The best resource for starting out with some of these activities is to go where the necessary equipment is sold (bikes, kayaks, running shoes, etc). If you have your own equipment, just ask a salesperson or store manager where you can do these activities (if you don’t already know). You can also find good used equipment at garage sales, Craigslist, or second-hand sporting goods stores. It’s not necessary to spend a fortune on these items, especially if you don’t end up liking the activity.

Another good resource is your local park and recreation department or YMCA. They usually offer classes and group outings for a variety of outdoor activities. Find them on-line or pick up their catalog of programs.

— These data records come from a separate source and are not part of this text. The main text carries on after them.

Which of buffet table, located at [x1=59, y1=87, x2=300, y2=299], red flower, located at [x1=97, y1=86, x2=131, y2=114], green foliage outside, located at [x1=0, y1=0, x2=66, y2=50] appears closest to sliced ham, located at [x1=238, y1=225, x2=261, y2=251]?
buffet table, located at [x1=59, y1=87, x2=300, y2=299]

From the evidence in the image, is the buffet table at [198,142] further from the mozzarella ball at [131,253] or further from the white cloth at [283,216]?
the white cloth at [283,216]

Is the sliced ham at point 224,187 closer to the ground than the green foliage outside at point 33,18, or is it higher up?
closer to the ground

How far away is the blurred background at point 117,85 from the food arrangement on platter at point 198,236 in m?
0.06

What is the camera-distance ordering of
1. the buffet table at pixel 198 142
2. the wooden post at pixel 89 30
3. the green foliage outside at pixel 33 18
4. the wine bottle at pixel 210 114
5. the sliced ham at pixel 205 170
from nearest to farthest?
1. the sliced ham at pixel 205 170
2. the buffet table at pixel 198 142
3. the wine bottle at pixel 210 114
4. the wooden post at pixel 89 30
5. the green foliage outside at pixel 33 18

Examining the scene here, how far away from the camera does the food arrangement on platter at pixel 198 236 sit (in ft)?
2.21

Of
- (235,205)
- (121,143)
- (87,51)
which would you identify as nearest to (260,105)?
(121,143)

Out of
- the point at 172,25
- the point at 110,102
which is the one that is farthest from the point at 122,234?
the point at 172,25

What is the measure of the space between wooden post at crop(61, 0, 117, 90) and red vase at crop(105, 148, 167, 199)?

Whatever outside activity or activities you choose, make it a part of your weekly work out. VARIETY AND CONSISTENCY are keys to workout success. You need to have variety in your workouts to eliminate boredom. You also need to be consistent with your workout schedule.

Make working out a priority in your life. Start your day by deciding what time you will work out and what activity you will do. Work your day around that activity. If you work full-time, work out on your lunch hour. Go for a walk or a run or go to a gym. Eat your lunch after your work out (I eat at my desk). If you work part time or work from home, set a time to do your work out, and stick to it.

We all lead busy lives, but THERE IS NEVER AN EXCUSE NOT TO WORK OUT. It only takes 30 minutes – 1 hour of your entire day. Give yourself this time and you will feel better, sleep better, and have more energy!